Both registrants have reached the age of eighteen years. They appeal from orders of the Law Division dated June 19, 2003, denying their motions to be relieved entirely of their obligations under Megan's Law.
Registrants argue that pursuant to In The Matter of Registrant J.G., 169 N.J. 304 (2001), they are entitled to have their Megan's Law status terminated because they were under the age of fourteen when their sex offenses were committed and are now over eighteen.
Under Megan's Law, as originally enacted,"a person required to register under this act" could apply to the Superior Court for termination of his or her obligation"upon proof that the person has not committed an offense within fifteen years following conviction or release from a correctional facility for any term of imprisonment imposed, whichever is later, and is not likely to pose a threat to the safety of others." [N.J.S.A. 2C:7-2f.]
However, in J.G., the Supreme Court considered the effect of this long-term registration obligation on juveniles and undertook to"harmonize Megan's Law and the Juvenile Code in the manner that in our view best reflects the legislative objective underlying both statutes." J.G., supra, 169 N.J. at 337. It concluded in the following language that the long-term registration requirements of Megan's Law did not apply to registrants whose acts of juvenile delinquency took place when they were less than fourteen years of age and that they could apply for termination at age eighteen:
Although we acknowledge that registration and community notification do not constitute dispositions pursuant to the Juvenile Code, we hold, consistent with the purpose underlying N.J.S.A. 2A:4A-47(a), that with respect to juveniles adjudicated delinquent for sexual offenses committed when they were under age fourteen Megan's Law registration and community notification orders shall terminate at age eighteen if the Law Division, after a hearing held on motion of the adjudicated delinquent, determines on the basis of clear and convincing evidence that the delinquent is not likely to pose a threat to the safety of others. We import that standard, but with a higher burden of proof, from N.J.S.A. 2C:7-2, the provision of Megan's Law that authorizes the termination of registration obligations of persons who have not committed a sex offense within fifteen years of conviction or release from a correctional facility, whichever is later. Eligible delinquents unable to satisfy that high standard of proof will continue to be subject to the registration and notification provisions of Megan's Law. But with respect to those adjudicated delinquents whose proofs meet that standard, and whose youthfulness at the time of the offense rendered uncertain his or her criminal capacity and future dangerousness, we believe our holding is faithful to the rehabilitative goals of the Juvenile Code without undermining the salutary objectives of Megan's Law. [169 N.J. at 337].
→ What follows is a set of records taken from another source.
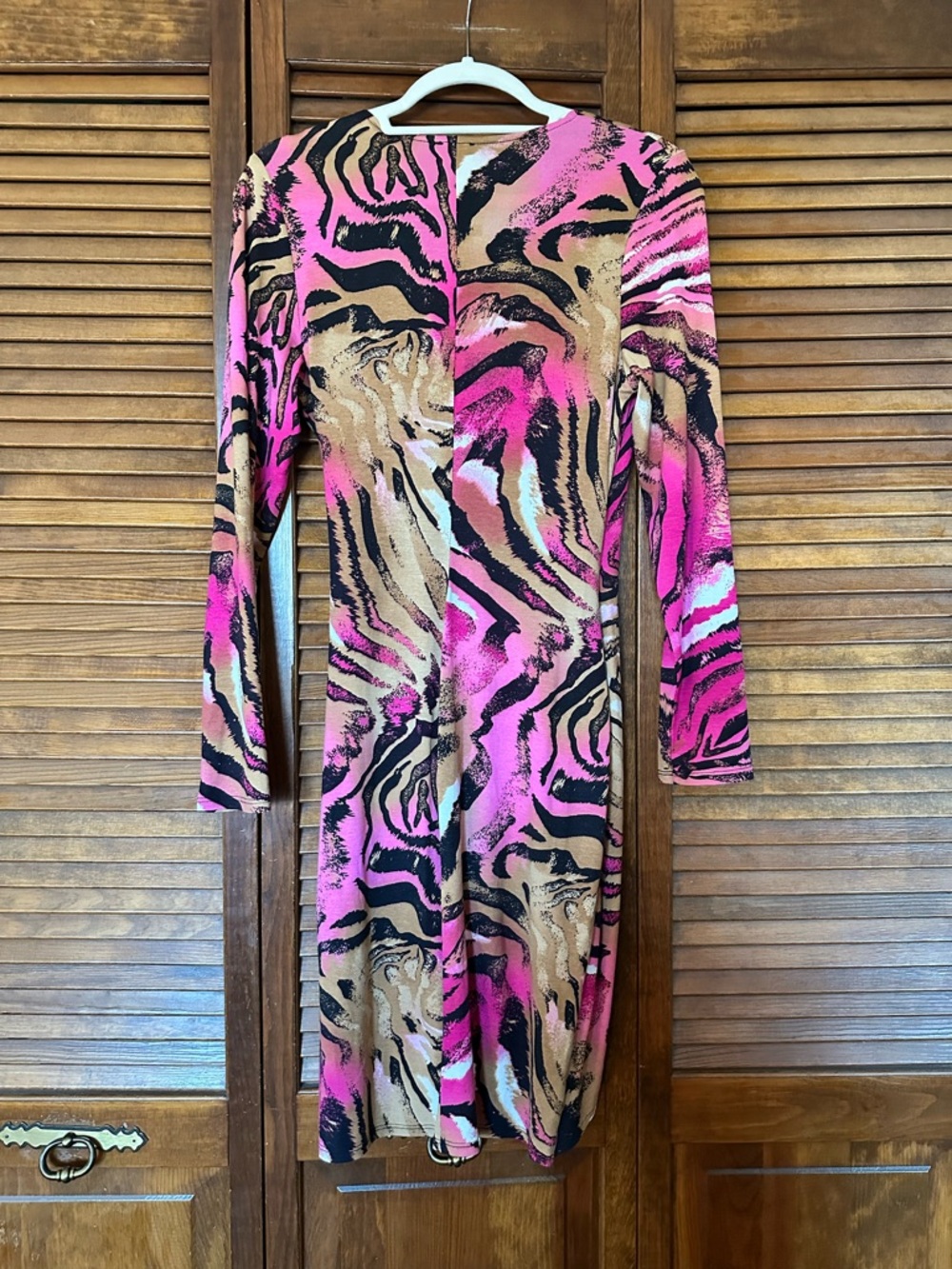 Caché faux wrap ruched long sleeve animal print pink and tan dress - Picture 6 of 8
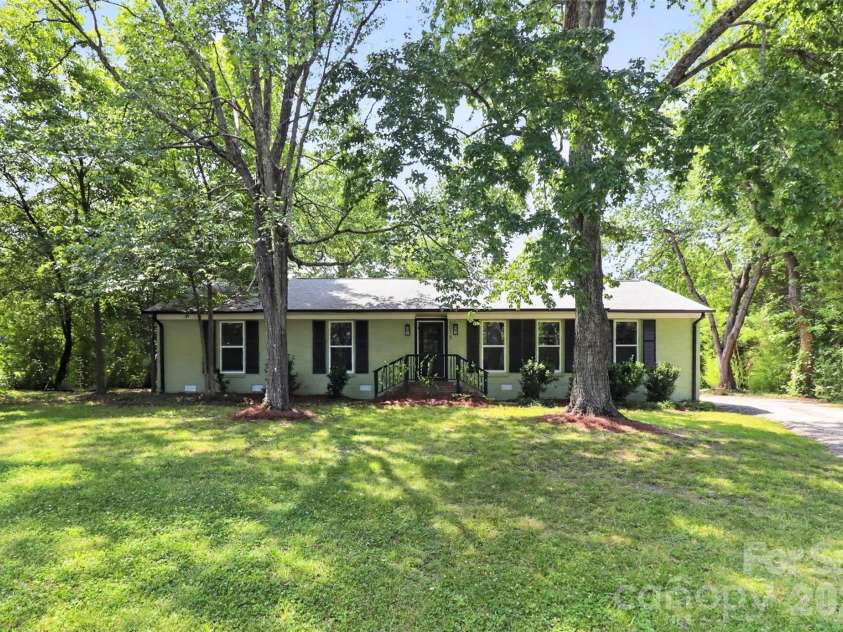 2018 Country Court, Rock Hill, SC 29732.  MLS# CAR4360982, YatesRealty ID 34553. 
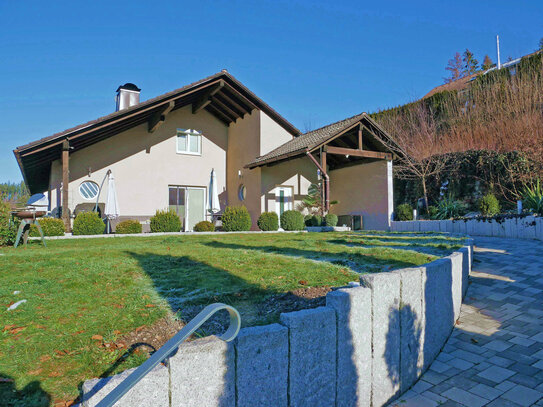 Wohnen mit Garten in schönem Haus in Bestlage mit toller Aussicht in Lenzkirch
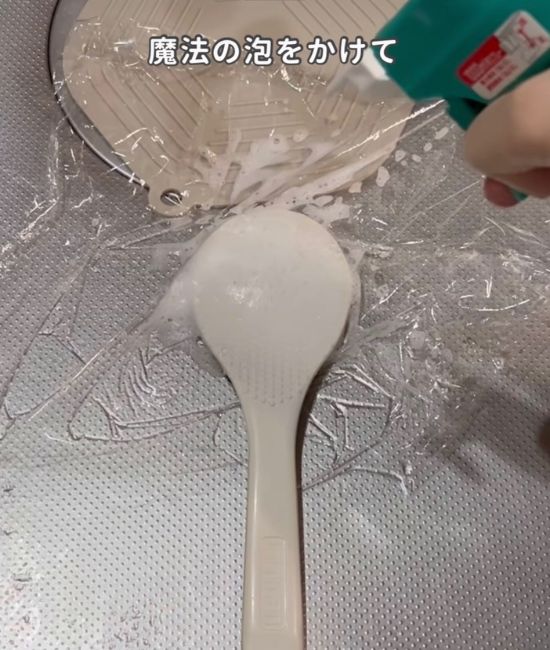 しゃもじに泡ハイターをかける様子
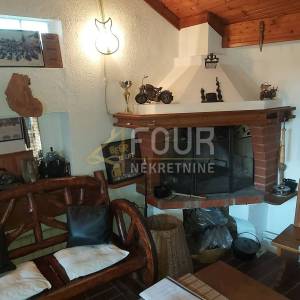 Istra, Rovinj, samostojeća kuća 440m2, okućnica 420m2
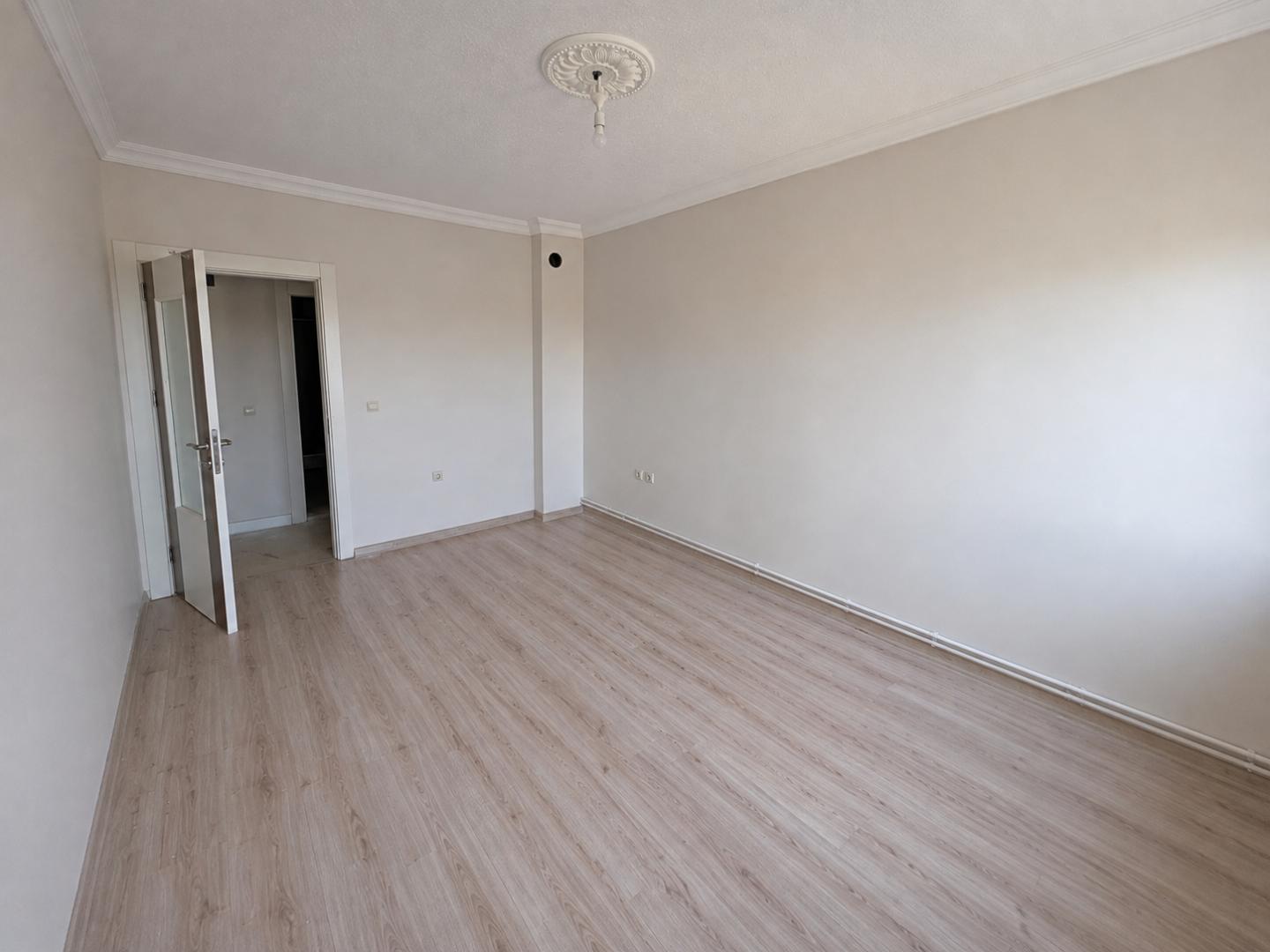 Plaza'dan Dörtyol TOKİ de Boyalı Temiz Uygun 2+1 Kiralık Daire - Resim 13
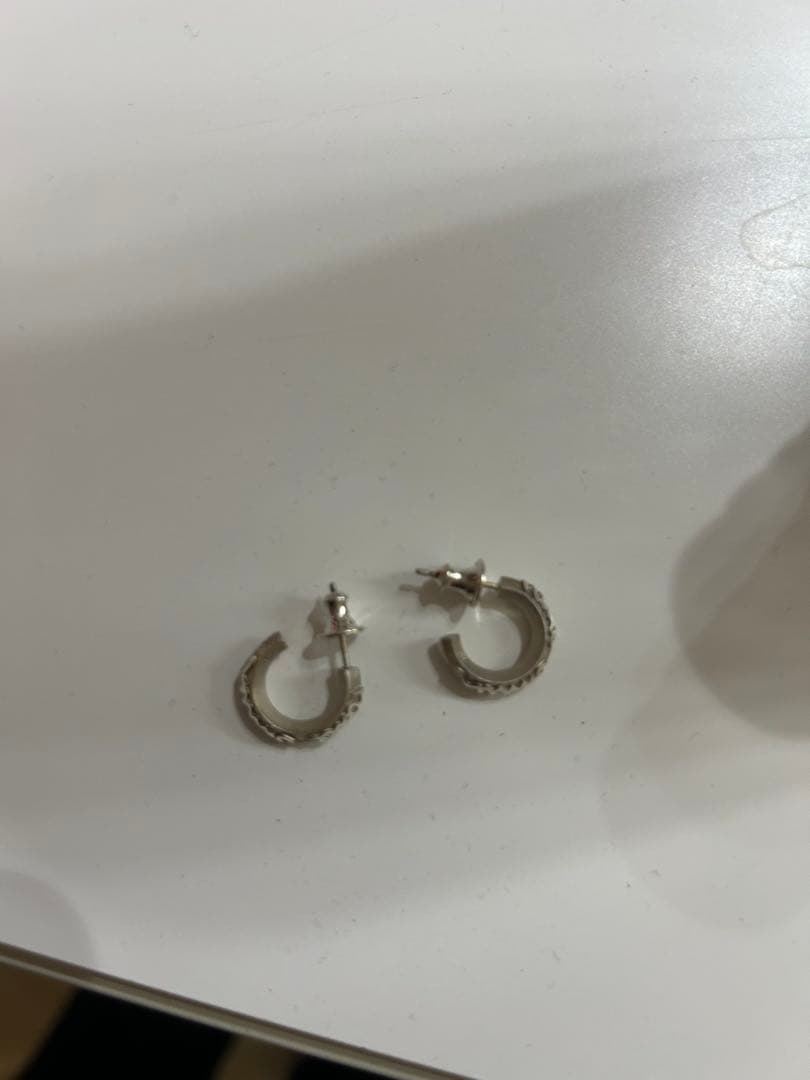 ’Cropped Logo’ シングルピアス　Paul Smith ポールスミス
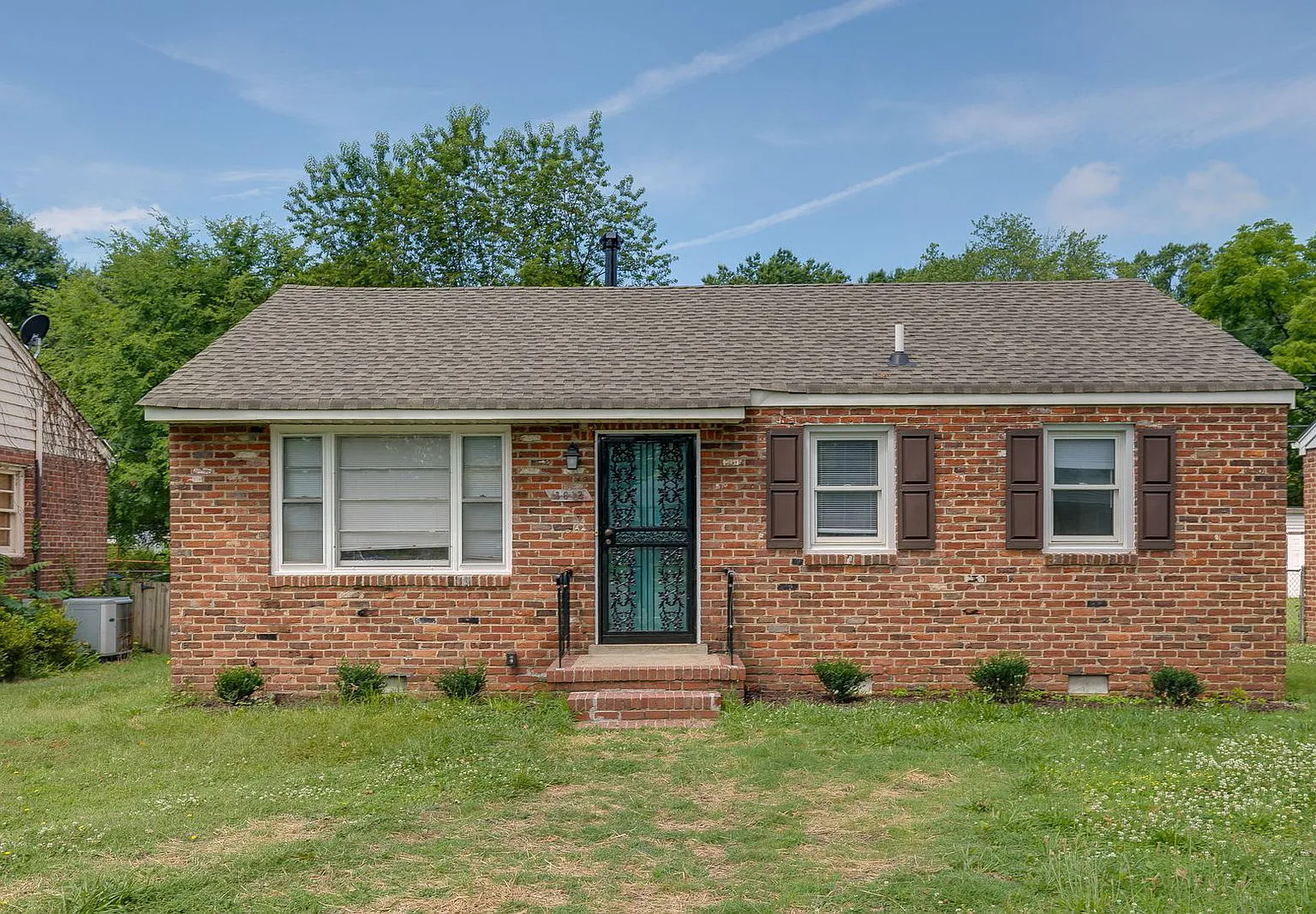 3 bed, 1.0 bath, 875 sqft, $1,695 — Photo 1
The trial court, in both matters, stated it was satisfied by clear and convincing evidence that the registrants had satisfied all the J.G. criteria and would have granted the requested relief were it not for recent amendments to Megan's Law. Approximately six months after publication of J.G., N.J.S.A. 2C:7-2f. was amended to condition a registrant's right to apply for termination after fifteen years only if the application was compatible with the simultaneously enacted"subsection g." to N.J.S.A. 2C:7-2. Subsection g. states the following:
A person required to register under this section who has been convicted of, adjudicated delinquent, or acquitted by reason of insanity for more than one seX offense as defined in subsection b. of this section or who has been convicted of, adjudicated delinquent or acquitted by reason of insanity for aggravated sexual assault pursuant to subsection a. of N.J.S. 2C:14-2 or sexual assault pursuant to paragraph (1) of subsection c. of N.J.S. 2C:14-2 is not eligible under subsection f. of this section to make application to the Superior Court of this State to terminate the registration obligation. [Emphasis added] Because both registrants had been adjudicated delinquent for commission of the crimes specified by subsection g. the trial court decided that the legislative will overrode the decision of the Supreme Court in J.G. We disagree with that conclusion.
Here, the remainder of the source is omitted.